BY RATNA SANSAR SHRESTHA, FCA
Indian Prime Minister visited Nepal last week and laid foundation stone of Arun 3 hydropower project, 900 MW, jointly with Nepal’s PM, “online”. PM Oli has been stressing ad nauseam that he is not a capitulationist. But implementation of Arun 3 project is manifestation of just that: capitulationism in him.
It is expected to generate 4,018 GWh energy and under section 11.16.1 of Project Development Agreement (PDA), signed between GoN and the developer of project, Sutlej Jal Vidyut Nigam (SJVN), Nepal is to receive 21.9% energy (about 879 GWh) free of cost and 3,138 GWh to be exported.

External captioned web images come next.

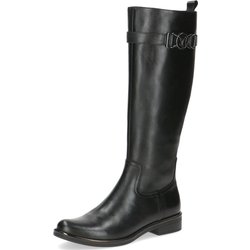 Damen Elegante Stiefel 9-25507-43 Schwarz 022 Black Nappa L... 38,5
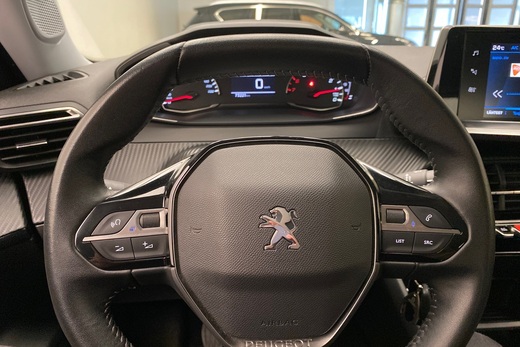 Peugeot 2008 vaihtoauto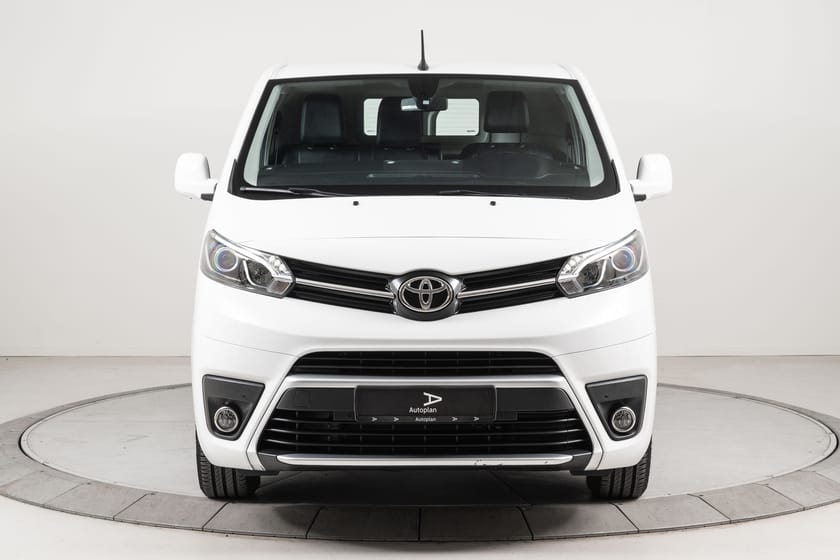 Bilde 4 av Toyota Proace Electric Eletctric 75kWt L1 | Cruise/Kamera/DAB/BT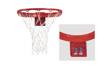 Sure Shot 171 Laminat Basketball Backboard + Sure Shot 270 Heavy Duty Flex Basketball Rim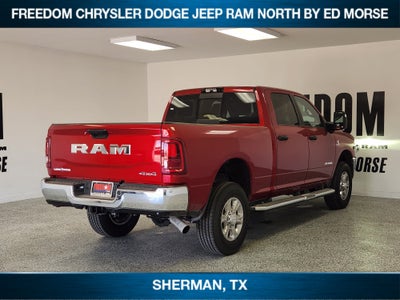 2027 RAM 2500 Lone Star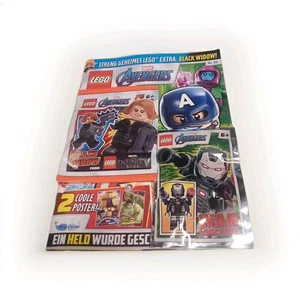 LEGO Marvel Avengers Nr. 32 / 25 - NEU Zeitschrift Magazin Figur - Bild 1 von 1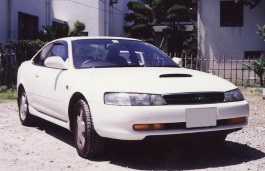 Размер колёс на Toyota Corolla Levin 1994 Подбор шин на Toyota Corolla Levin 1994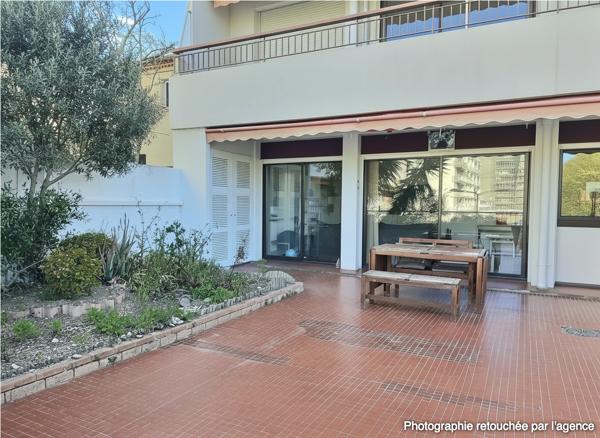 Appartement 4 pièces à vendre à La Blancarde, Marseille - 82 m² avec balcon et terrasse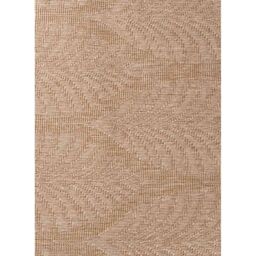 THE RUGS Liora Reversible Rug - Indoor Outdoor Trellis Flat Woven Low Pile in Beige - Size: 160 cm x 230 cm - thumbnail 2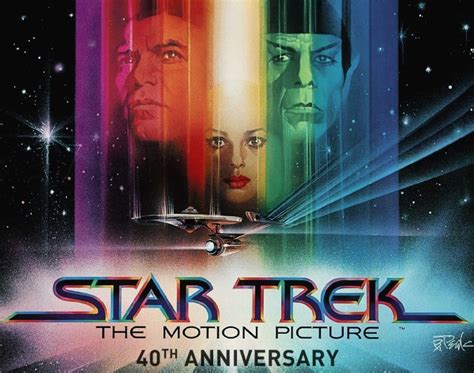 ‘star Trek—the Motion Picture Returns To Theaters In Celebration Of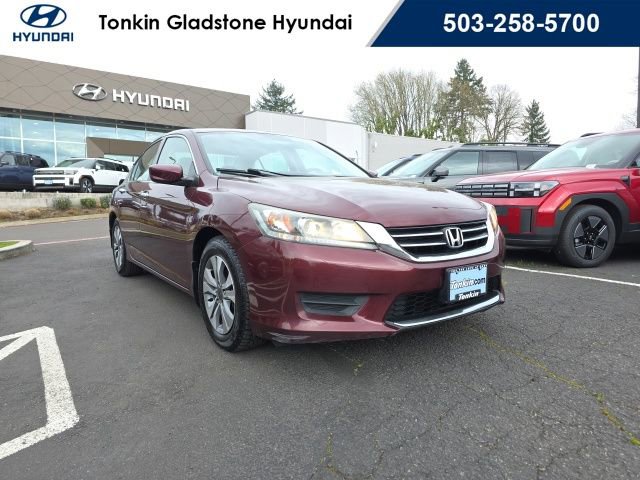 Used 2015 Honda Accord LX video 1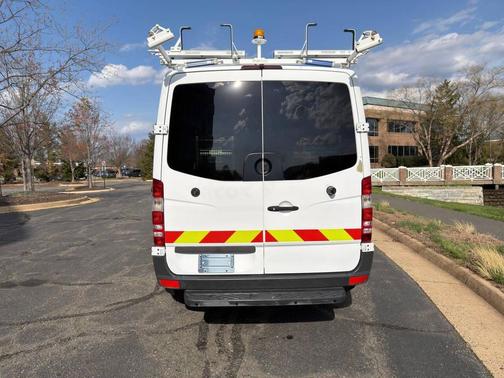 2012 Mercedes-Benz Sprinter 2500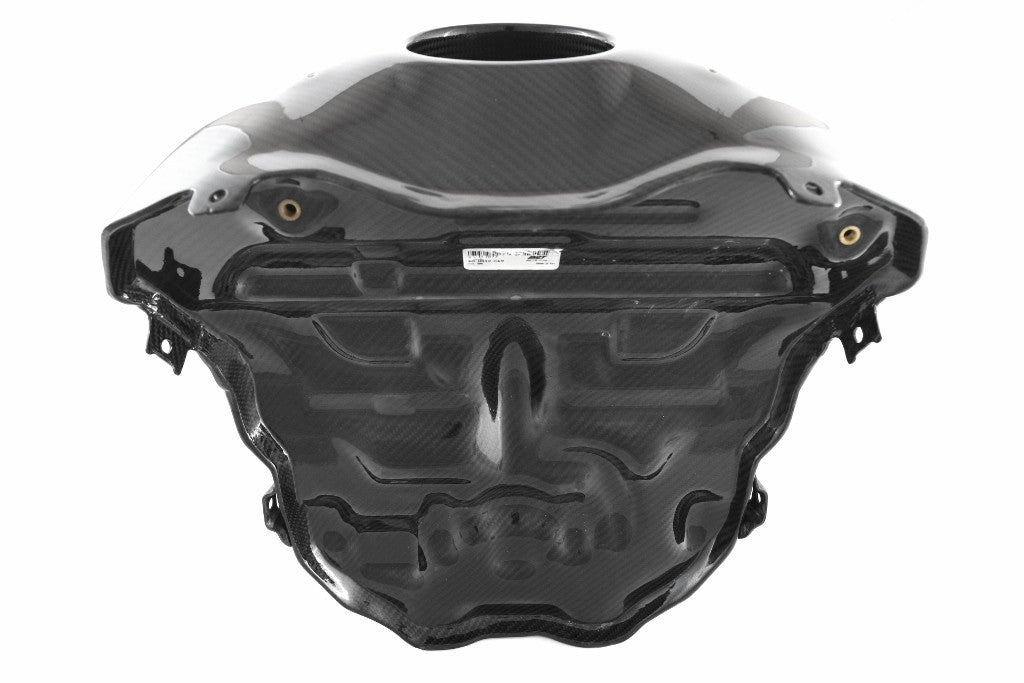 Réservoir de carburant en carbone Fullsix BMW S1000RR K46 (09-18) 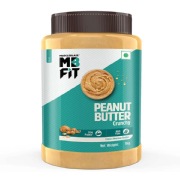 MuscleBlaze Peanut Butter- 1 kg Crunchy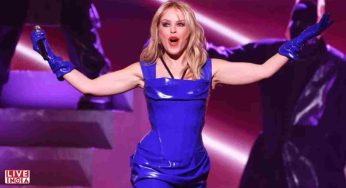 Kylie Minogue Postpones Four European ‘Tension’ Tour Shows Due to Laryngitis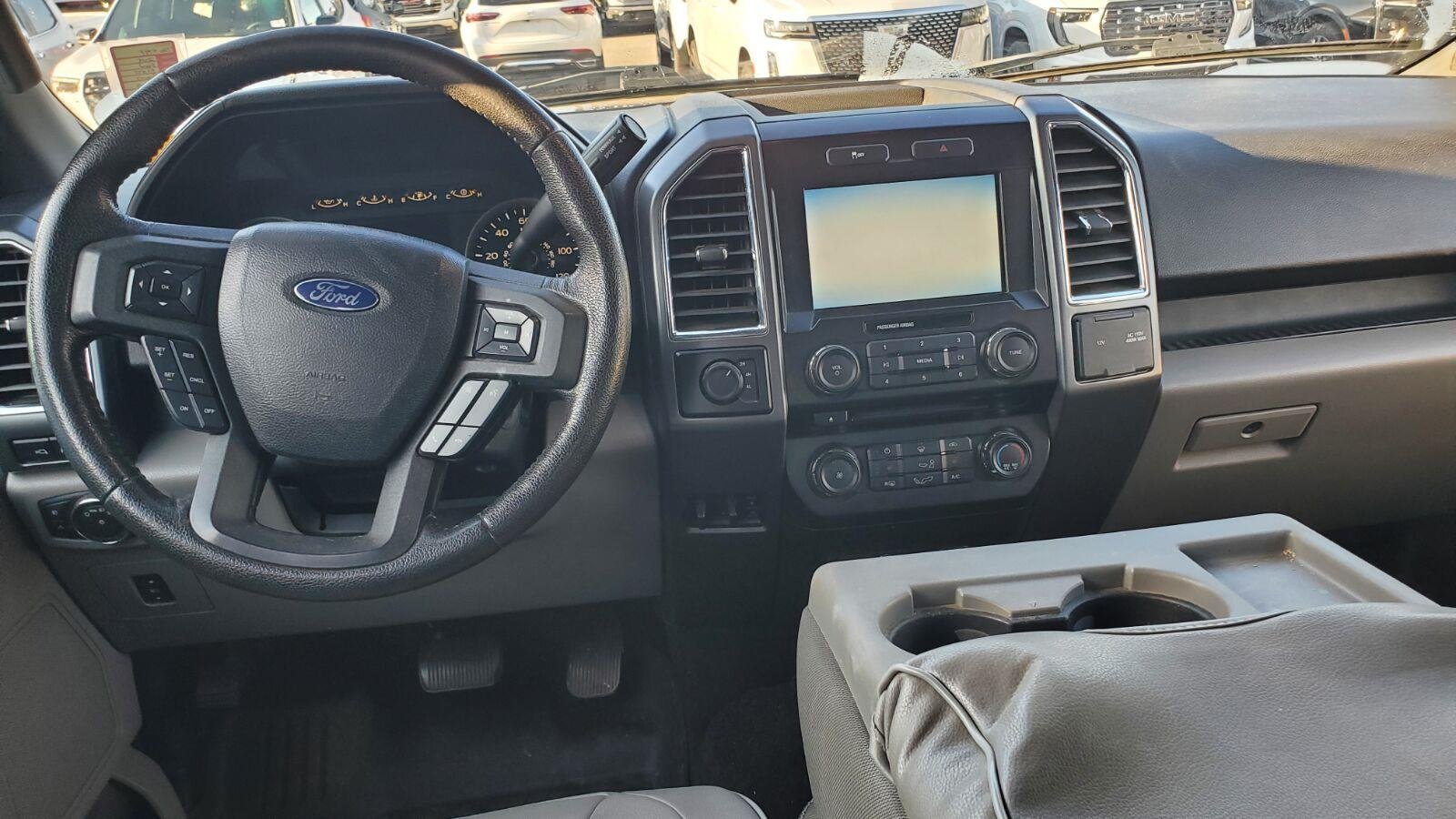 Used 2015 Caribou Metallic Ford XLT image 7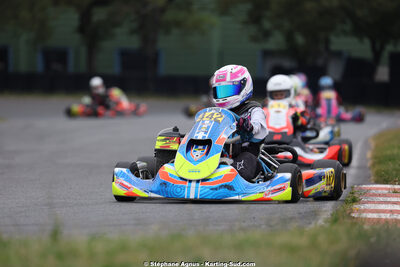 14 & 15/06/2025 : 5ème manche du Championnat du Sud à Belmont sur Rance (photos Stéphane Agnus) 2025 — karting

There is provision for export of free energy in section 11.16.4 and 11.16.5, while there is complete silence with regard to consumption of the free energy in Nepal. Hence, it is clear that whatever electricity is generated by it, all of it will be exported.
Nepal hasn’t achieved self-reliant energy security, which can only be achieved by setting up energy intensive industries, displacing imported petroleum products by electrification of transportation and so on. Achievement of energy security and export of power generated as such is mutually exclusive. Nor does Nepal have electricity surplus, to be contemplating its export.
Most industries of the country are located in Province 1 and its need for electricity is highest. Unfortunately, this project will generate electricity in that very province, but that very province will be deprived from electricity generated by it.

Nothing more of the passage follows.